## Girls are more afraid of mathematics than boys in 80% of countries

**Issued: Fri, 22 Apr 2016 00:01:00 BST**

Girls are more afraid of mathematics than boys, especially in more developed and gender-equal countries, according to a new worldwide study.

A team of psychologists from the University of Glasgow and the Universities of California (Irvine) and Missouri in the USA found girls were more anxious about mathematics in 80% of the countries surveyed.

The researchers analysed the large international assessment of student performance in 15-year-olds from the Programme for International Student Assessment (PISA) and related these data to socio-economic indicators from the World Economic Forum and the United Nations. PISA is an OECD-funded survey of school achievement carried out with nearly 500,000 pupils in 68 countries and economic regions, including the USA and the UK. The researchers analysed the 2003 and 2012 PISA data sets because of their focus on mathematics achievement, attitudes and emotions. Their article is published in the PLOS ONE journal.

The focus of the study was on girls’ negative emotions about mathematics, described as “mathematics anxiety”. Mathematics anxiety is defined by the researchers as “a psychological factor that can undermine the pursuit of mathematics”. It also refers to the negative feelings experienced during the preparation of and explicit engagement in mathematical pursuits. The research was carried against a background of significant under-representation of women in many STEM (Science, Technology, Engineering and Mathematics) subjects.

In more than 80% of countries which took part in the PISA survey, girls were more anxious about mathematics than boys. This gender difference is more than twice the magnitude of the gender difference in mathematics performance (which is found in 59% of countries), indicating that factors other than performance are resulting in higher mathematics anxiety in girls than boys.

Follow-up analyses revealed that girls' mathematics anxiety was not related to the level of their mothers' engagement in STEM (Science, Technology, Engineering and Mathematics) careers, or even to wider indices of gender equality. In fact, the gender difference in mathematics anxiety was greater in more gender-equal and developed countries. In more economically developed countries, boys’ and girls’ mathematics performance was higher and their mathematics anxiety was lower, but this pattern was stronger for boys than for girls.

For example, Italy and Mexico are examples of less gender-equal countries (as measured by the Global Gender Gap Index of the World Economic Forum). Both boys and girls in these countries have a relatively high score on mathematics anxiety, and there are no differences in mathematics anxiety between them. On the other hand, Norway and Germany are more gender-equal countries. While Germany and Norway have lower overall mathematics anxiety than Italy or Mexico, the difference in the gender-equal countries Germany and Norway is actually larger between girls and boys.
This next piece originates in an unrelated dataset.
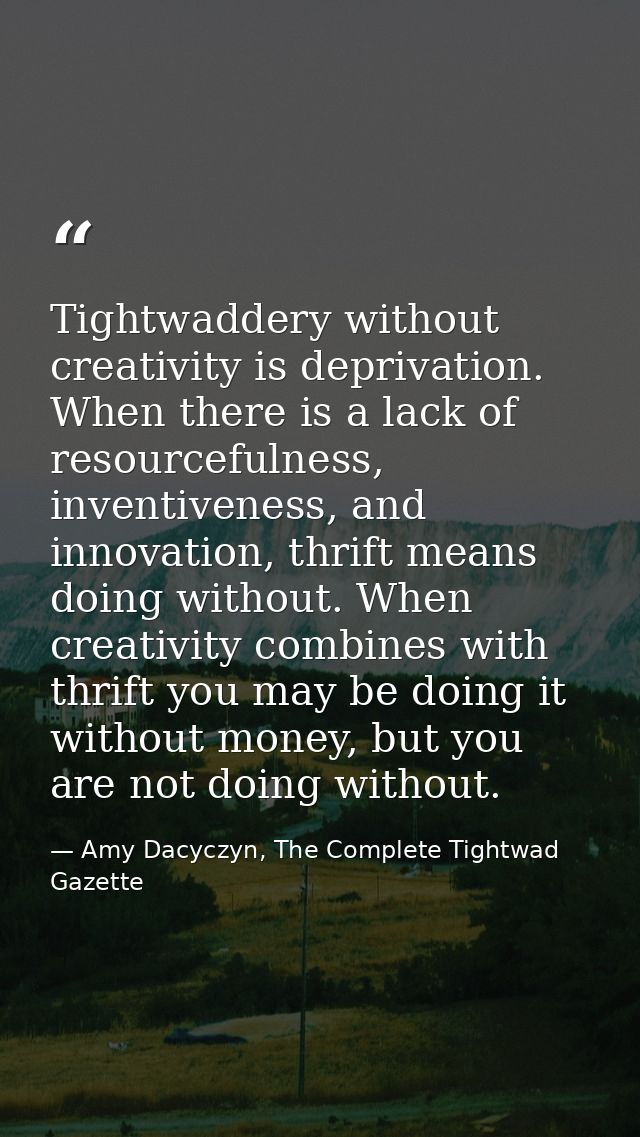 Tightwaddery without creativity is deprivation. When there is a lack of resourcefulness, inventiveness, and innovation,  — Amy Dacyczyn, The Complete Tightwad  Gazette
This study also analysed the potential role of parental views on the value and importance of mathematics for their daughters and sons. In contrast with common perceptions, parents in more developed countries generally placed a stronger emphasis on the mathematical development of their sons than their daughters (see specific examples below). This was despite the fact that these more developed countries actually had larger proportions of mothers working in the STEM sector. This latter point suggests that having more female role models does not necessarily influence girls’ attitudes to maths.

Switzerland and Russia are examples of countries with a relatively high proportion of women working in STEM (for every four fathers working in STEM, there is around one mother working in STEM). Nonetheless, in these countries the researchers found that parents value mathematics more in their sons than daughters, based on questionnaire answers from pupils rating how important their parents find mathematics and from questionnaire answers from parents.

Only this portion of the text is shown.